One object he knew personally; a cloissone-hilted dagger, which Miles had inherited from old General Piotr. He dared to take it down and test its heft and edge. So when in the past two years had Miles stopped carting it around, and sensibly began leaving it safely at home? He replaced it carefully on the shelf in its sheath.

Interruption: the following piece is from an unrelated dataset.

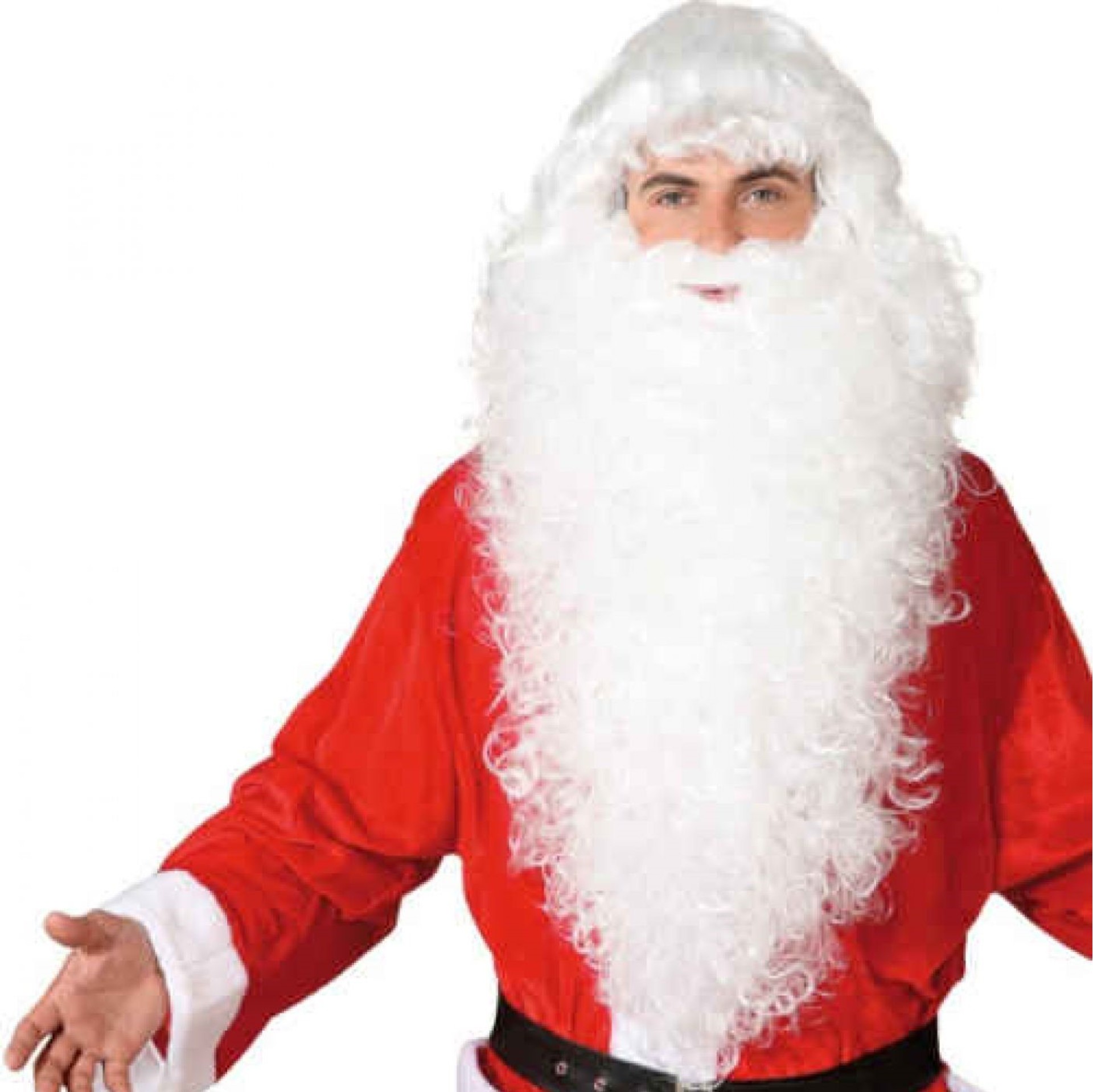 Peruca Barba Pai Natal GRANDE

One wall-hanging was ironic, personal, and obvious: an old metal leg-brace, crossed, military-museum fashion, with a Vor sword. Half-joke, half-defiance. Both obsolete. A cheap photonic reproduction of a page from an ancient book was matted and mounted in a wildly expensive silver frame. The text was all out of context, but appeared to be some sort of pre-Jump religious gibberish, all about pilgrims, and a hill, and a city in the clouds. Mark wasn’t sure what that was all about; nobody had ever accused Miles of being the religious type. Yet it was clearly important to him.

Some of these things aren’t prizes, Mark realized. They are lessons.

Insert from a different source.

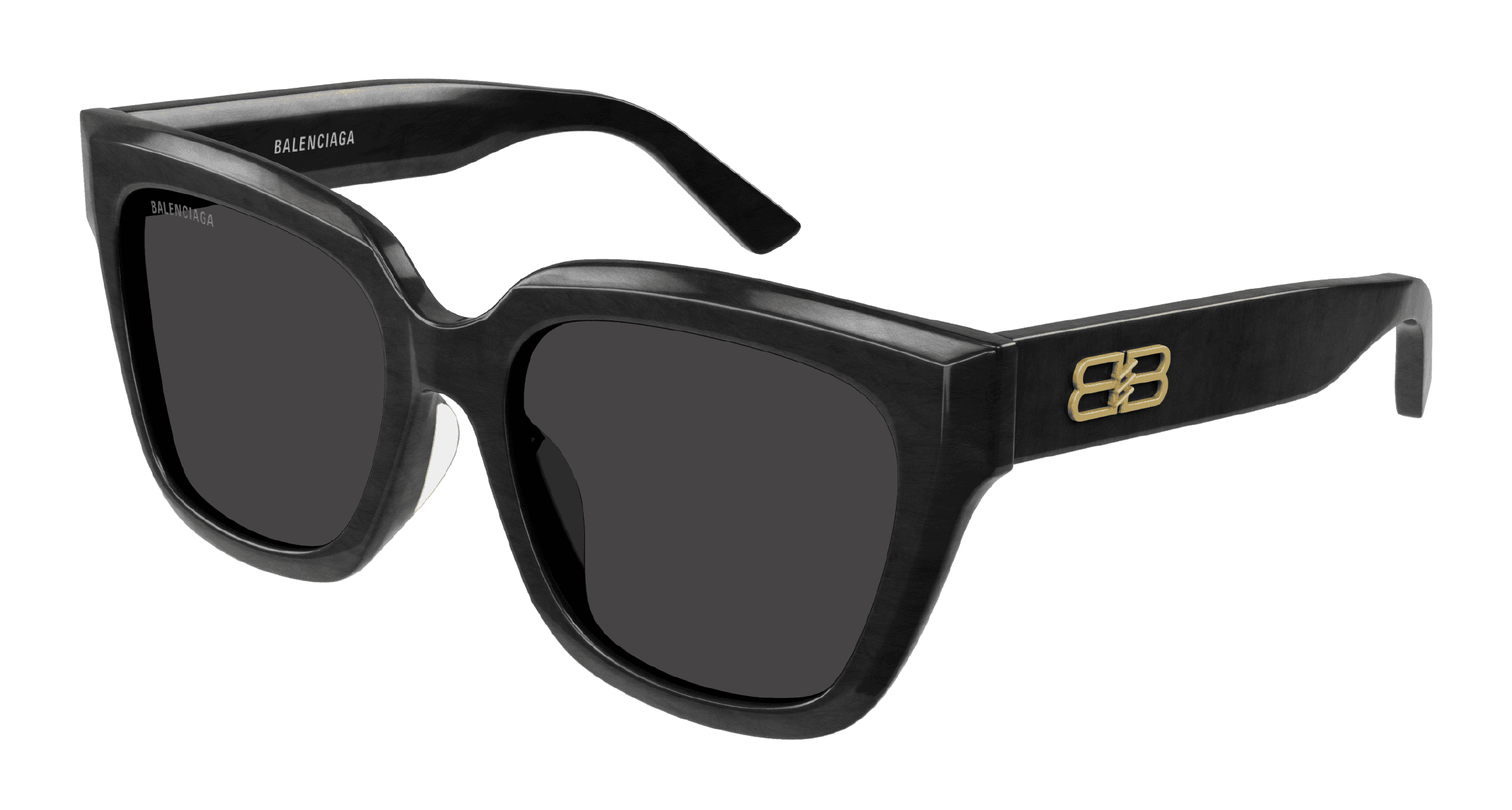 Солнцезащитные очки BALENCIAGA BB0237SA 001 (55-18)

A holovid portfolio box rested on the bedside table. Mark sat down, and activated it. He expected Elli Quinn’s face, but the first videoportrait to come up was of a tall, glowering, extraordinarily ugly man in Vorkosigan Armsmen’s livery. Sergeant Bothari, Elena’s father. He keyed through the contents. Quinn was next, then Bothari-Jesek. His parents, of course. Miles’s horse, Ivan, Gregor: after that, a parade of faces and forms. He keyed through faster and faster, not recognizing even a third of the people. After the fiftieth face, he stopped clicking.

He rubbed his face wearily. He’s not a man, he’s a mob. Right. He sat bent and aching, face in his hands, elbows on his knees. No. I am not Miles.